11 September 2025
Oleh: NN Putra Amien Jaya
Hari ini rasa kecewa masih menempel tebal di dada pecinta sepak bola nasional. Timnas U-23 kita gagal total di ajang Pra Piala Asia U-23 yang digelar di Arab Saudi. Sebuah kemunduran yang jelas terasa menyakitkan.
Bayangkan saja, saat melawan Laos—negara yang nyaris tak punya sejarah mentereng di sepak bola Asia—Garuda Muda hanya bisa bermain imbang. Minim kreasi, tumpul di lini depan, dan pelatih gagal membaca situasi. Ketika penyerang buntu, tak ada solusi perubahan pola permainan. Setelah itu memang menang besar 5-0 lawan Makau, tapi siapa pun tahu, Makau hanyalah tim pelengkap. Kemenangan itu bukan ukuran kualitas.
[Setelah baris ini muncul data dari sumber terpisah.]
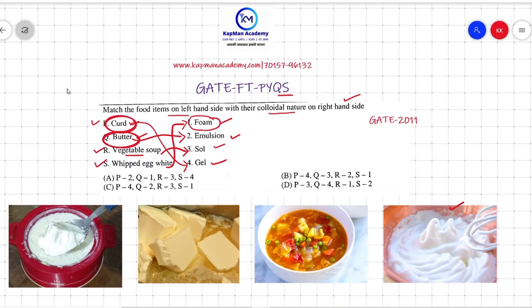As you can see here, the egg white is producing the foam, the vegetable soup is producing the solution, the butter is producing the emulsion colloidal nature, and the curd is producing the gel colloidal nature.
Dan puncaknya, tadi malam kita dihajar raksasa Asia, langganan Piala Dunia, dengan skor tipis 0-1. Skor tipis tapi menohok, karena total poin kita hanya empat dari tiga laga—imbang lawan Laos, menang lawan Makau, dan kalah lawan sang raksasa.
Padahal, tak jauh-jauh ke belakang, Piala Asia 2024 menjadi titik terang sejarah Garuda Muda. Di bawah asuhan Shin Tae-yong (STY), kita bisa menembus semifinal bahkan menyingkirkan Korea Selatan. Pola permainan kala itu hidup, penuh kreativitas, meski dengan segala keterbatasan penyerang. STY tahu betul bagaimana mengukur kapasitas pemainnya, tahu kapan harus bertahan, kapan harus menyerang. Itu adalah capaian tertinggi Timnas U-23 sepanjang sejarah.
Lalu, apa yang terjadi? Kebijakan PSSI mengganti STY justru di saat persiapan menuju Pra Piala Dunia tengah on fire. Sebuah langkah gegabah yang tidak masuk akal. Bahkan para pemain naturalisasi di Belanda pun mengaku bingung, tapi apa daya, mereka hanya bisa tunduk pada keputusan organisasi.
Erick Thohir selaku ketum PSSI berdalih, “semua ada risiko, dan saya mengambil risiko ini untuk mencapai Piala Dunia 2026.” Tapi faktanya, risiko yang diambil itu berbuah pahit. Pelatih pengganti STY memang pernah jadi pemain top, tapi rekam jejak kepelatihannya kosong prestasi. Saat melatih timnas kecil Curacao tahun 2021, catatannya: 6 laga, hanya 1 kali menang. Lalu, mengapa ia yang dipilih? Benarkah hanya karena faktor komunikasi, seperti dalih pengamat Towel? Padahal dalam sepak bola, bahasa sudah universal, tinggal sediakan penerjemah dan staf lokal, selesai urusan.
Kini nasi sudah jadi bubur. Semifinalis 2024 berubah jadi tim yang gagal lolos ke Piala Asia 2026. Ironi yang lahir dari kebodohan pengambil kebijakan.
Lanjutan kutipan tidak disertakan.